Dans le secteur de l’eau, par exemple, on a créé des organismes
de gestion des bassins hydrographiques qui sont chargés de coordonner
toutes les activités touchant la gestion des ressources en eau des
villes aux niveaux national, provincial et local.
C. Logement pour tous
- Il existe un lien de plus en plus
marqué entre la concentration de la pauvreté, de l’exclusion
et de l’insalubrité en matière de logement et l’accroissement
des populations des villes. Cette croissance urbaine n’est généralement
pas structurée ni planifiée, si bien que les gens s’installent
souvent dans des endroits indésirables ou dangereux. Au cours des 10
dernières années, il est devenu manifeste que les conditions
de vie ont continué à se détériorer pour les pauvres
du monde entier.
- L’existence et l’expansion des
implantations sauvages sont dues au nombre insuffisant de terrains disponibles,
à la spéculation dans les investissements, à la multiplication
des réglementations et au fait que le cadre défini par les normes,
règlements et procédures administratives en vigueur est au mieux
insensible ou
– le plus souvent – hostile aux besoins des populations pauvres
des villes.
- On reconnaît que la question
de la sécurité d’occupation a une importance critique tant dans
les zones rurales que dans les zones urbaines. L’une des clefs de la réalisation
d’un développement rural durable est de garantir l’accès à
la propriété par des lois pour les ruraux pauvres et les paysans
sans terre. Il est probable que, du fait de l’insécurité des
droits fonciers dans les processus d’urbanisation accélérée,
les ruraux pauvres deviendront des citadins pauvres dans les villes où
la sécurité d’occupation n’est pas mieux garantie que dans les
campagnes. Le renforcement de cette sécurité est un élément
primordial de toute approche intégrée visant à améliorer
non seulement l’accès au logement et aux autres services sociaux de
base, mais aussi les possibilités d’emploi et la représentation
politique directe pour les pauvres vivant en milieu urbain.

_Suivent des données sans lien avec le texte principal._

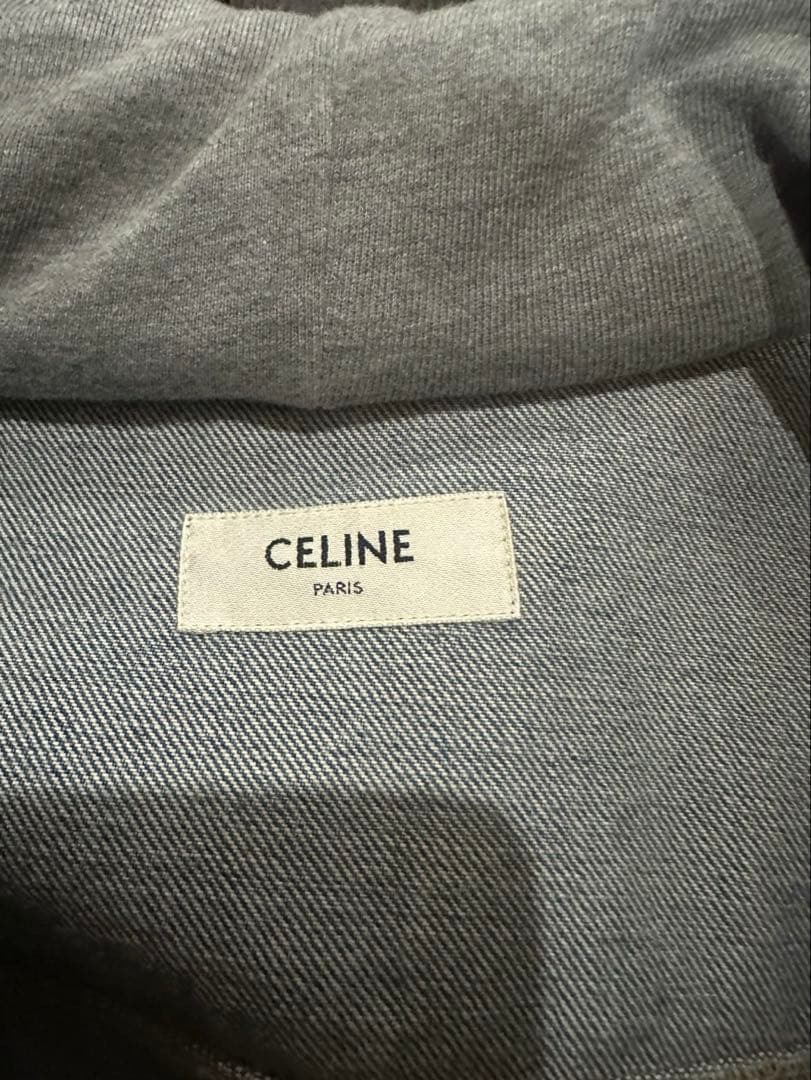 CELINE デニムジャケット フーディー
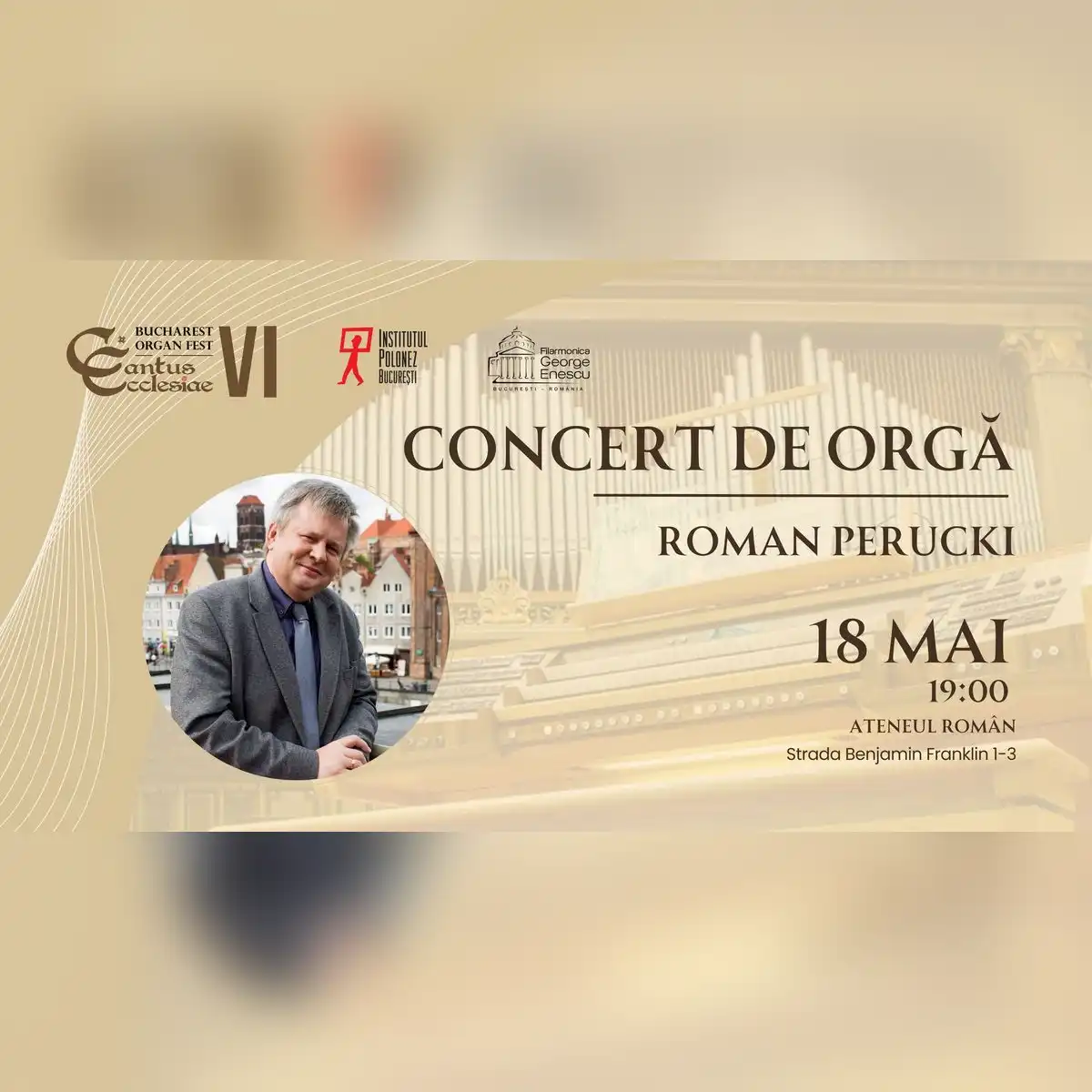 Concert de orgă - Roman Perucki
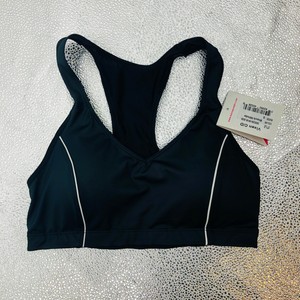 Nwt S Brooks Moving Comfort Vixen C D Black White Sports Bra High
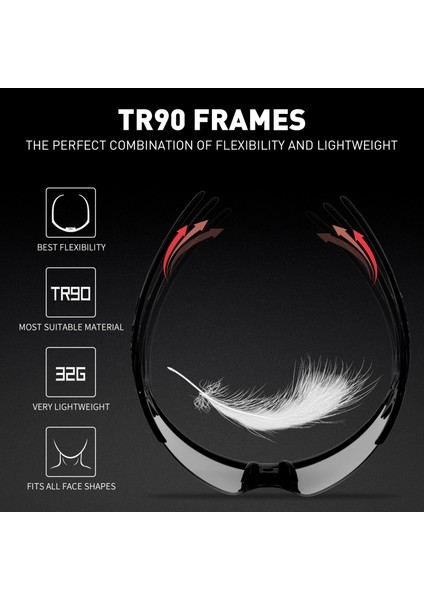 No.3 Tarzı No.1 Boyutu Tasarım UV400 Bisiklet Gözlükleri Mtb Yol Bisikleti Gözlükleri Outdoor Spor Güneş Gözlüğü Erkekler Gafas Ciclismo TR90 Bisiklet Güneş Gözlüğü (Yurt Dışından)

- En promouvant l’objectif du " Logement
pour tous ", la Campagne mondiale pour la sécurité
d’occupation menée par Habitat cherche à faciliter la création
de conditions favorables pour que les populations pauvres puissent accéder
plus facilement au logement, notamment dans les pays en développement
et les pays en transition. Cette campagne s’articule autour d’un plan directeur
dans lequel on reconnaît la nécessité de faire participer
activement les pauvres au processus de développement en tant que partenaires.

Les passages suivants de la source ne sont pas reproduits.